┌─ Input data

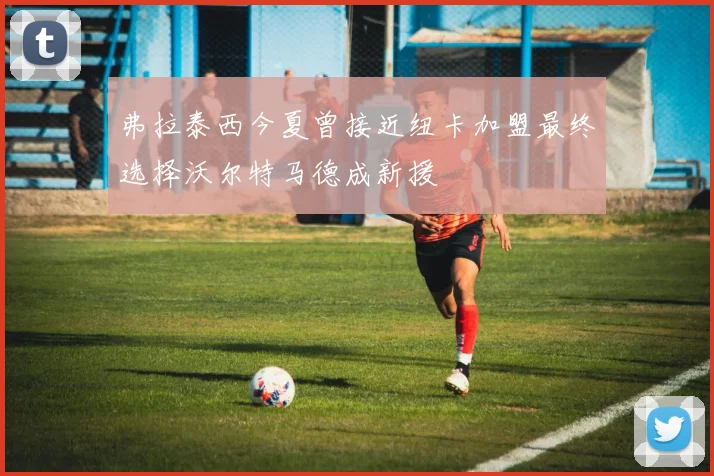 弗拉泰西今夏曾接近纽卡加盟最终选择沃尔特马德成新援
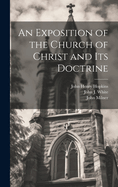 An Exposition of the Church of Christ and Its Doctrine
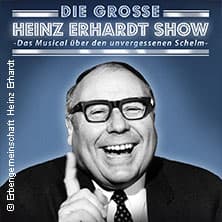 Die große Heinz-Erhardt-Show - Das Musical über den unvergessenen Schelm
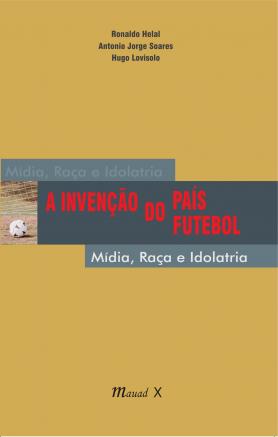 A invenção do país do futebol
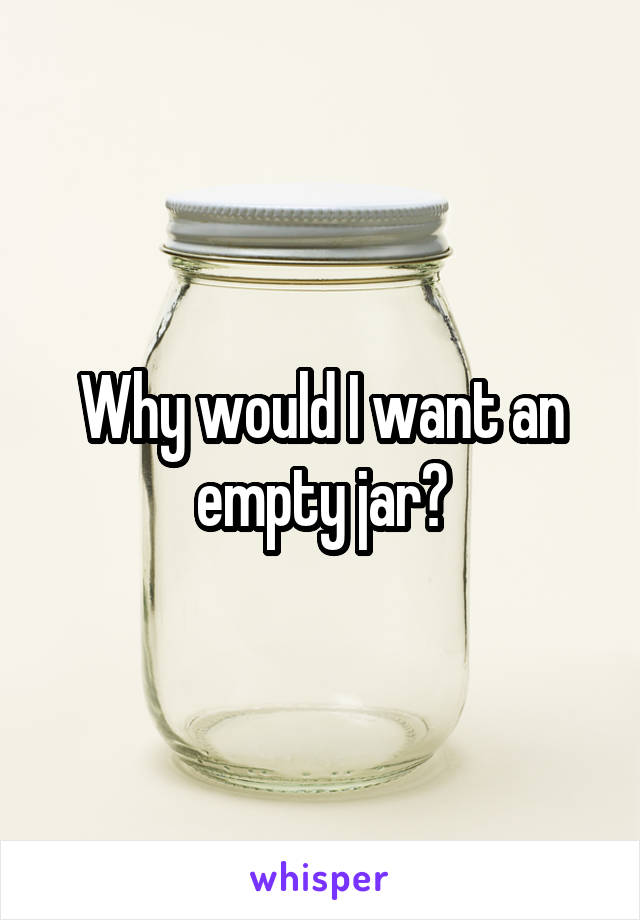 Why would I want an empty jar?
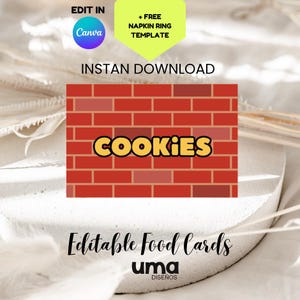 Puede incluir: Un gráfico digital con un diseño de pared de ladrillos y la palabra "COOKIES" en letras amarillas con un contorno negro. La imagen incluye texto que dice "EDIT IN Canva", "+ FREE NAPKIN RING TEMPLATE", "INSTAN DOWNLOAD" y "Editable Food Cards".
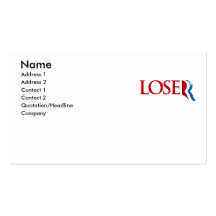Romney is a Loser Business Card Template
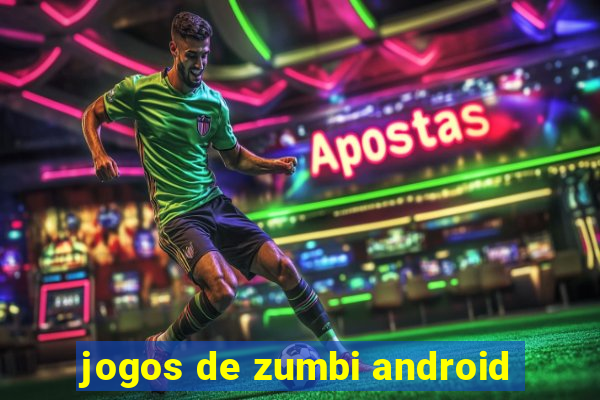 jogos de zumbi android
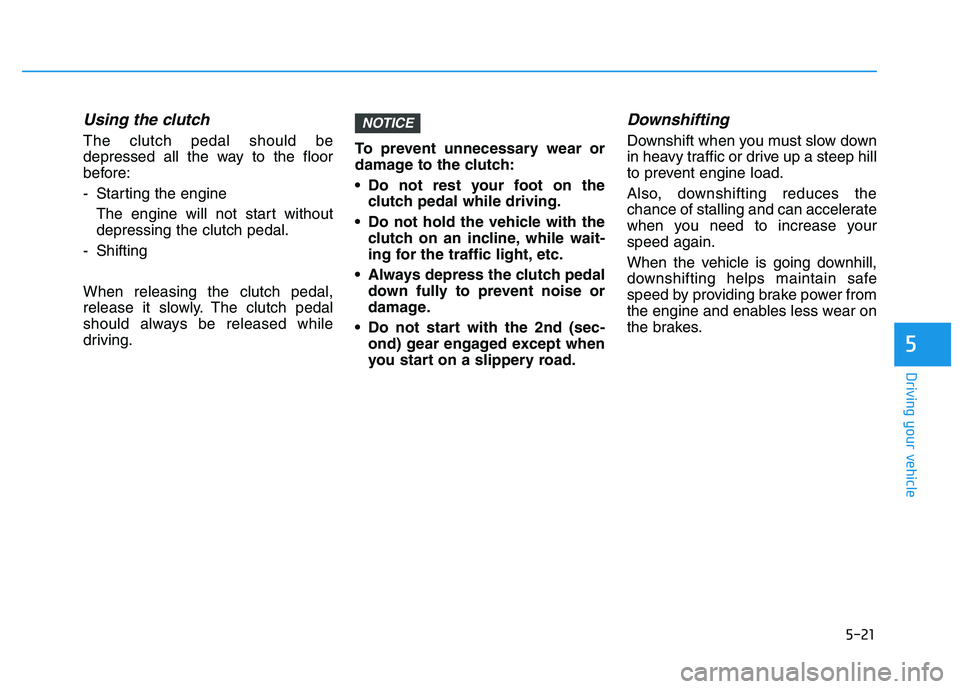 HYUNDAI I30 2019  Owners Manual 5-21
Driving your vehicle
5
Using the clutch 
The clutch pedal should be
depressed all the way to the floor
before:
- Starting the engine The engine will not start without
depressing the clutch pedal.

└─

Look above for the line with "Driving your vehicle", then copy it and each later line exactly, stopping at the last line of the records.

Response for this exercise
Driving your vehicle
5
Using the clutch 
The clutch pedal should be
depressed all the way to the floor
before:
- Starting the engine The engine will not start without
depressing the clutch pedal.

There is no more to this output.